Accountable Plan Rules
The optional business standard mileage rate can be used to compute the deductible costs of operating a personal automobile for business use in lieu of tracking actual costs and is often used to calculate the reimbursement to employees. For the reimbursement to be tax-free, the employee must submit an expense report under an “accountable plan” established by the employer. Accountable plans are not required to be in writing, but must include these three rules:
- There is a business connection to the expenditure.
- There is adequate accounting by the recipient within a reasonable period of time (60 days is an IRS safe harbor for being a reasonable period of time).
- Excess reimbursements or advances are returned within a reasonable period of time.
Business Connection vs. Commuting
Tax-free mileage allowances for using a personal vehicle to commute to work have never been allowed, since commuting is generally a personal (not business) expense. The IRS defines commuting as expenses incurred traveling between an individual’s residence and a work location that is not temporary.
IRC Section 132(f) allows for tax-free qualified transportation fringe benefits (e.g., parking, public transit or commuter highway vehicles up to $280 per month for 2022), but that does not include mileage reimbursements.

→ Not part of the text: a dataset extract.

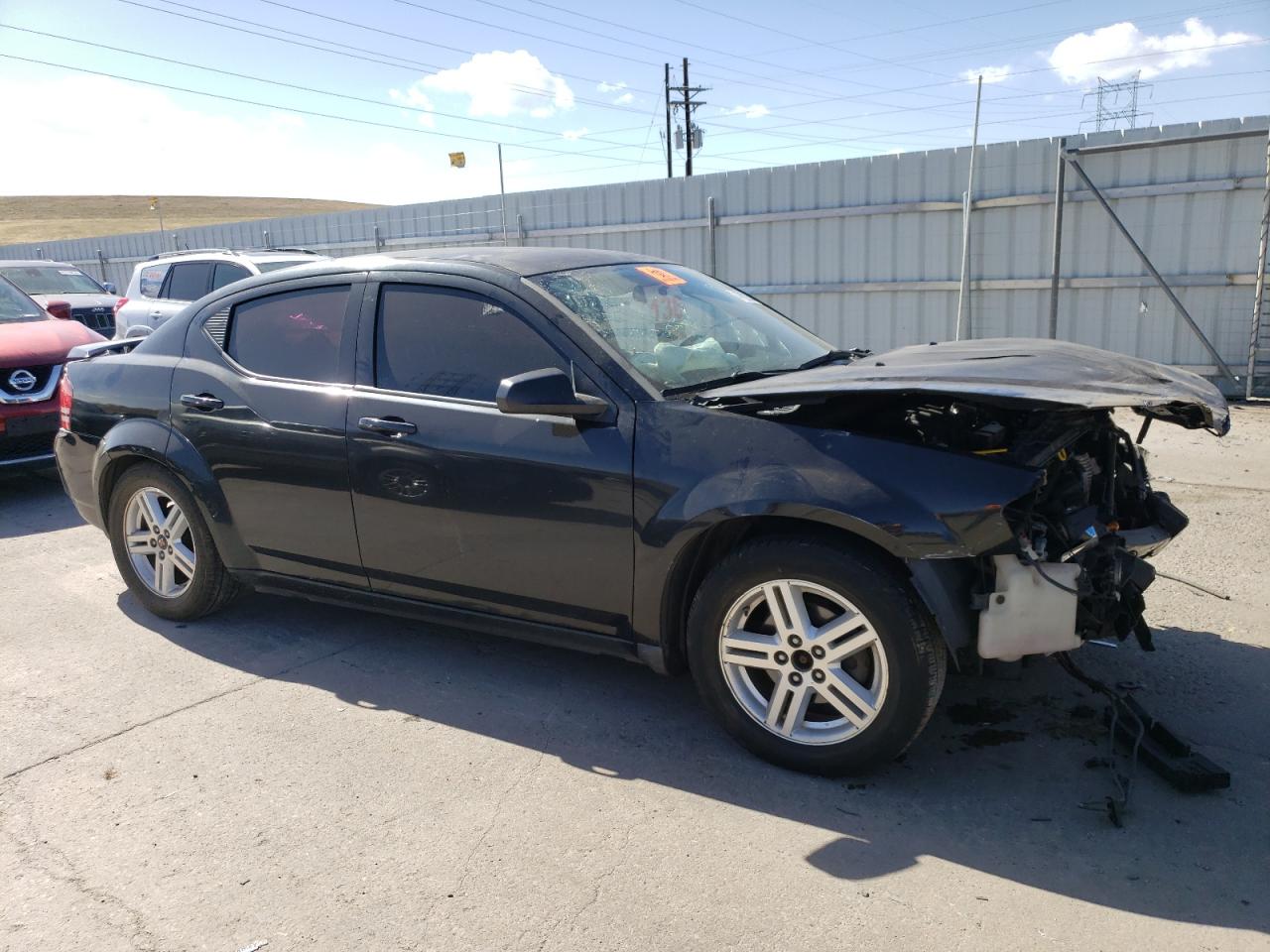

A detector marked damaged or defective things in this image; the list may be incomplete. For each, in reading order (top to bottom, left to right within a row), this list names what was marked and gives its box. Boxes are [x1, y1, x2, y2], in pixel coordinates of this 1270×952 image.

crumpled hood [0, 318, 105, 368]
cracked windshield [531, 261, 827, 391]
crumpled hood [700, 340, 1234, 436]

Effective January 1, 2018, the TCJA eliminated employers’ deductions for any expense incurred for providing transportation or any payment or reimbursement to an employee in connection with travel between the employee’s residence and place of employment, i.e., commuting expenses, except as necessary to ensure the employee’s safety. So even if an employer treats commuting reimbursements as taxable compensation, the employer cannot deduct those expenses.

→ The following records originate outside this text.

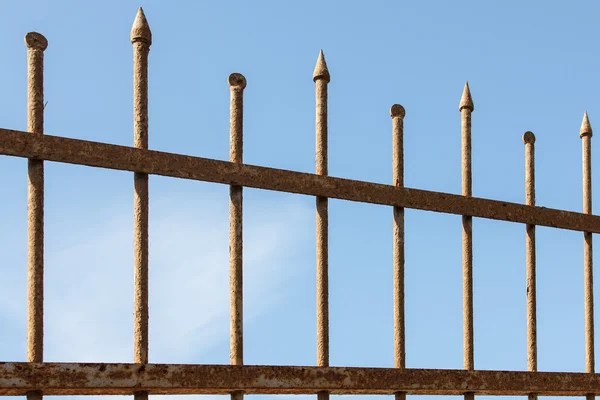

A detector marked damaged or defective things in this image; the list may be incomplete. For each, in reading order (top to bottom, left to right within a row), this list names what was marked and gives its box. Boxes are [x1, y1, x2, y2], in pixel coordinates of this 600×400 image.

rusted metal surface [24, 31, 46, 368]
rusted metal surface [131, 7, 151, 374]
rusted metal surface [227, 72, 246, 400]
rusted metal surface [1, 128, 600, 233]
rusted metal surface [5, 362, 600, 396]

During the COVID pandemic (and most likely beyond), many employers required (or allowed) employees to work remotely. Employers that do not dictate where employees live must determine where the employee’s “tax home” is located in order to sort out business vs. commuting expenses. Generally, an employee’s tax home is the entire metropolitan area that includes his/her principal place of business, which may or may not be in the employee’s personal residence. Criteria for deductibility or tax-free reimbursement of the expense include:
- Reasonable and necessary
- Incurred while away from the employee’s tax home
- Incurred in the pursuit of the employer’s business
For example, an employer may allow an employee to work remotely in Florida, where the principal work location (e.g., the employee’s “tax home”) is in New York. From time to time, the employer requires the employee to travel to New York for work. Many employers and employees think this is tax-free “business travel” since the reason for the travel is because the employer required the employee to be in New York. But the IRS views this as taxable to the employee (because it involves personal commuting).
Similarly, an employee that continues to work from his/her residence post-COVID in the same town as an employer-provided office, who is reimbursed mileage when they visit the office at the employer’s request, might also have taxable compensation for the reimbursement.
The employer cannot deduct the reimbursements in these examples even if they properly include the taxable amount in the employee’s Form W-2 as taxable compensation.